**TASK DETAILS**
What should be copied is the stretch of entries below from the line with "Strojové jehly ORGAN" up to and including the line with "Team network and", exactly and without images.

**INPUT MATERIAL**
______
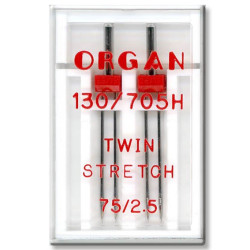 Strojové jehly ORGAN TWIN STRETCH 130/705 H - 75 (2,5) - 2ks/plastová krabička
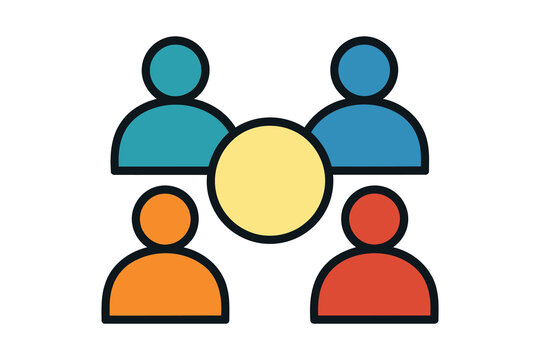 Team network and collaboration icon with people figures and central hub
______
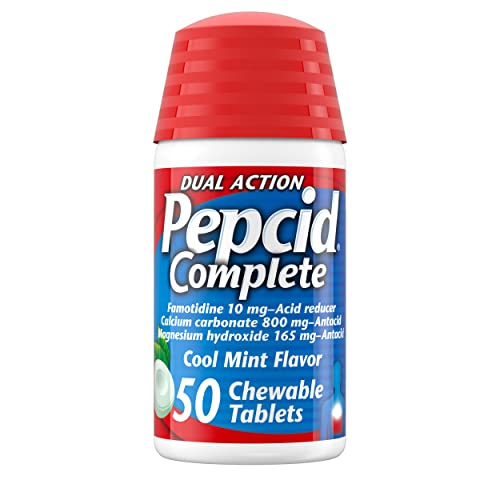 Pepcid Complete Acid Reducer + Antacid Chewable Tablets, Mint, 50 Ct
______
**RESPONSE TO THE TASK**
 Strojové jehly ORGAN TWIN STRETCH 130/705 H - 75 (2,5) - 2ks/plastová krabička
 Team network and collaboration icon with people figures and central hub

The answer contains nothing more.